Cyber-expert Richard Clarke, who served as the White House Security Chief during the Clinton and George W. Bush administrations, has observed that terrorists use the Internet just like everybody else (as cited in Conway, 2006). Terrorist websites are proliferating and the use of the Internet by violent extremists is likewise increasing. The Internet offers anonymity, easy access, a lack of censorship, fast information sharing, dissemination of ideological propaganda, an inexpensive web presence and the distribution of terrorist training materials (Ogun, 2012). Ban-Ki-moon, the Secretary-General of the United Nations observed that the Internet is a prime example of how violent extremists and terrorists behave in a truly transnational way (United Nations Office on Drugs and Crime [UNODC], 2012). The United Nations is focused primarily on responses at the state level. Responses at the individual level are also essential. The individual focus is required to assess the relative risk posed by suspected or known agents and this can be accomplished with risk assessment protocols developed for national security applications.

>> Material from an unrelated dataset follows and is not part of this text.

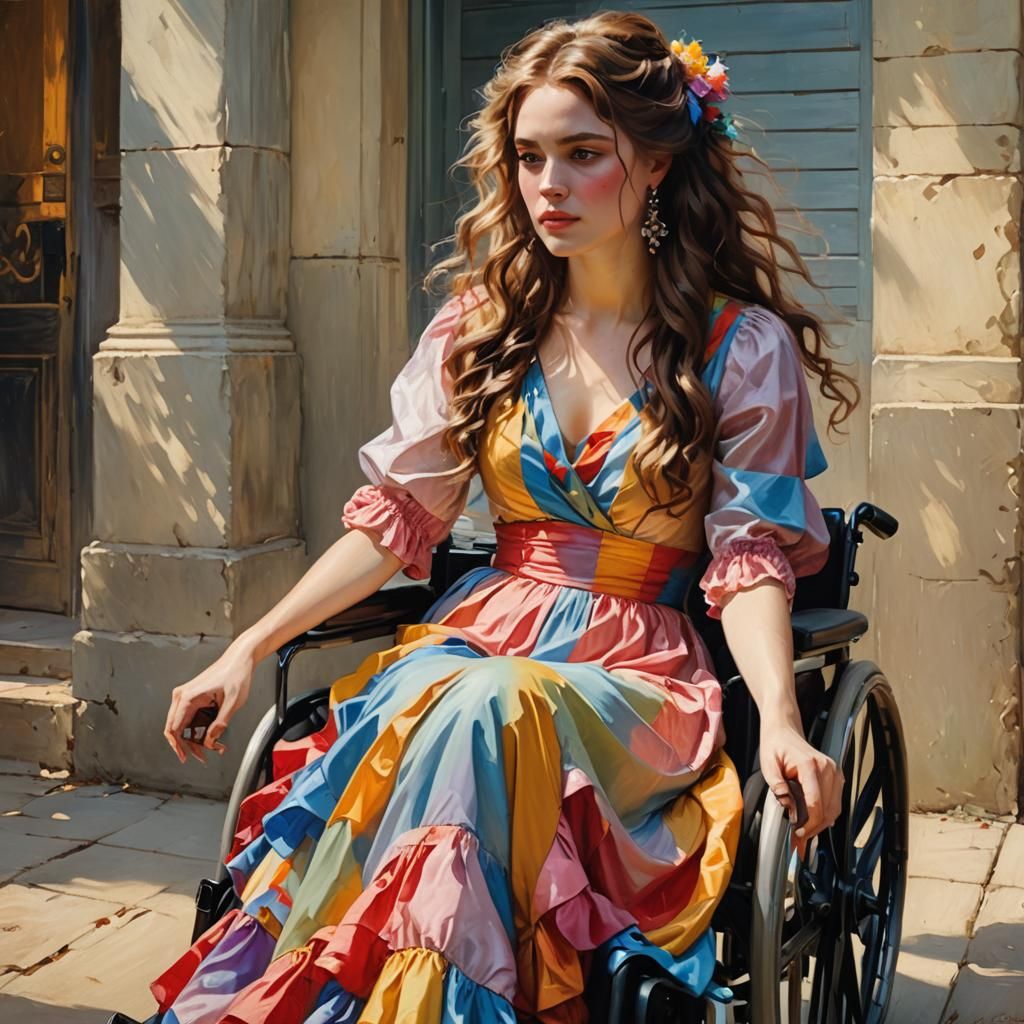 Woman in Wheelchair in Colorful Dress: Oil Painting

Knowledge of the differential risk levels of potential violent extremists, returning foreign fighters and others identified as vulnerable to violent extremist actions is critical in the current volatile security context. The increasing numbers of individuals who are under some sort of surveillance and/or who may require closer monitoring is problematic for security forces with fixed resources. In order for national security personnel to keep pace with the increasing demand for monitoring of individuals, some prioritisation of these ‘persons of interest’ is necessary. Such prioritisation must be defensible and the decision process must be transparent in case of challenge. The current migrant situation in the Black Sea and Mediterranean regions, some of whom may represent national security risks, also calls for risk assessments. Risk clearance may become a pre-requisite demanded by European and other countries prior to resettlement.
Reliable risk judgments undertaken in a sound manner can assist in discriminating between individuals who are the target of radicalisation and recruitment from those who are disseminating terrorism related information or inciting violent extremism. Reliable risk judgments can assist in quantifying the different levels of risk that individuals may represent for a jurisdiction. These assessments are based on evidence which is available. This evidence will, in many cases, include information obtained from the subject’s Internet use.

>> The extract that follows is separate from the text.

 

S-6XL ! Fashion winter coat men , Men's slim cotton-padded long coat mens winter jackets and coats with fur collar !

Reliable risk assessment approaches offer a framework in which one can analyse risk and determine the specific elements and indicators most pertinent to individuals. Reliable assessments can identify changing risk trajectories of individuals using controlled and repeated measures. These assessments can be supported by data acquired from Internet content, other observed behaviours, reports and background information. The prioritisation of persons identified for national security related surveillance is achievable and facilitated by the application of well-structured risk assessment protocols specific to violent extremism. The addition of detailed cyber-behavioural indicators or evidence will make such approaches more robust and relevant for the current cyber-age.